(Beginning of Recorded information)
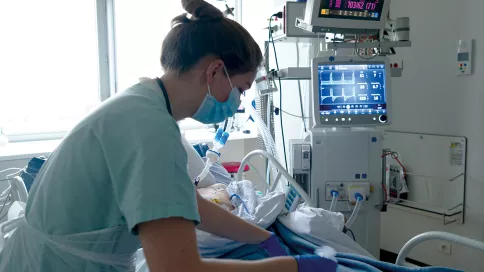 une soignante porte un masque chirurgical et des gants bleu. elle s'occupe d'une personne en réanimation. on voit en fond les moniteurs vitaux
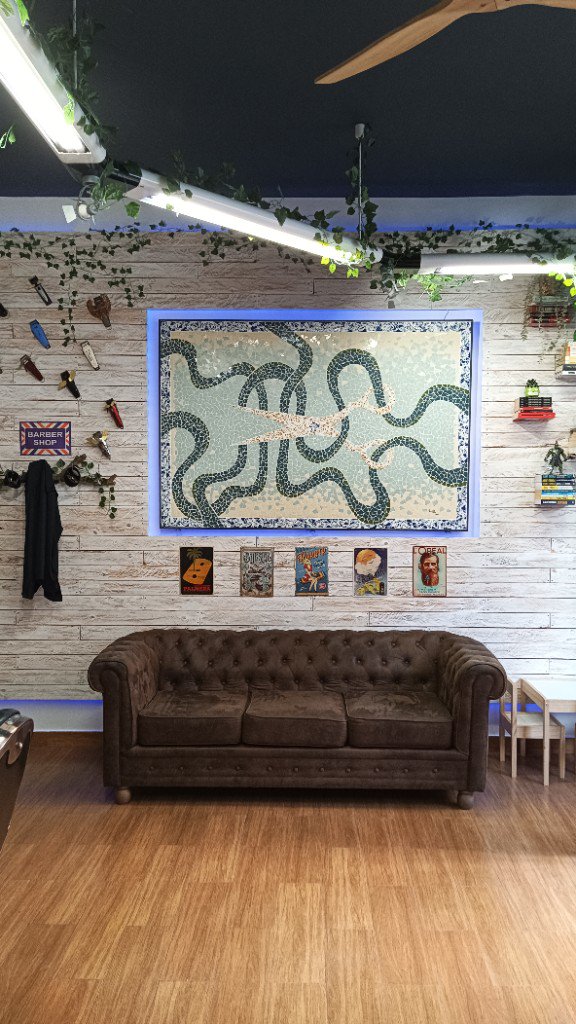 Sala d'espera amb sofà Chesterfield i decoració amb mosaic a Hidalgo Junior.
(End of Recorded information)
(Beginning of Recorded information)
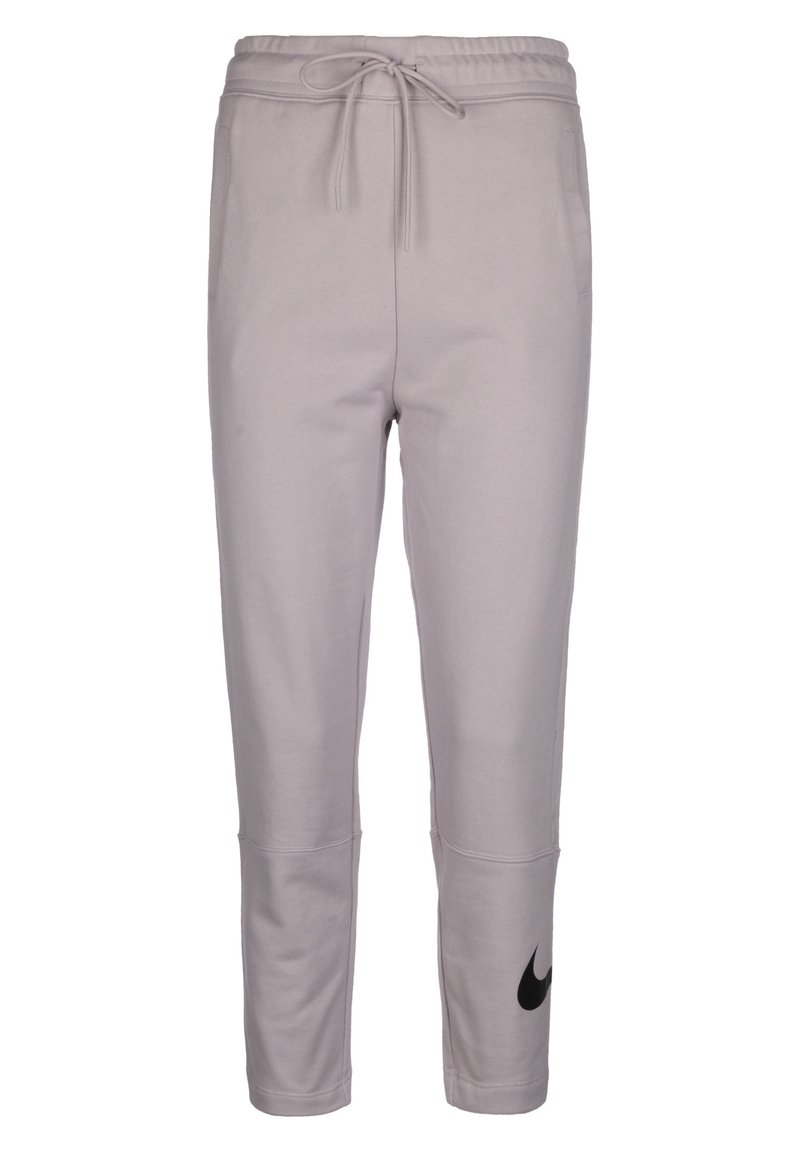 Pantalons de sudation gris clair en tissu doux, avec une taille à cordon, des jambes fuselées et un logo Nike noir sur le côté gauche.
(End of Recorded information)
- **Exercise description**:
Return the lines above from the one with "une soignante porte" through the one with "Sala d'espera amb", verbatim and nothing else. Omit every picture.

- **Task output**:
 une soignante porte un masque chirurgical et des gants bleu. elle s'occupe d'une personne en réanimation. on voit en fond les moniteurs vitaux
 Sala d'espera amb sofà Chesterfield i decoració amb mosaic a Hidalgo Junior.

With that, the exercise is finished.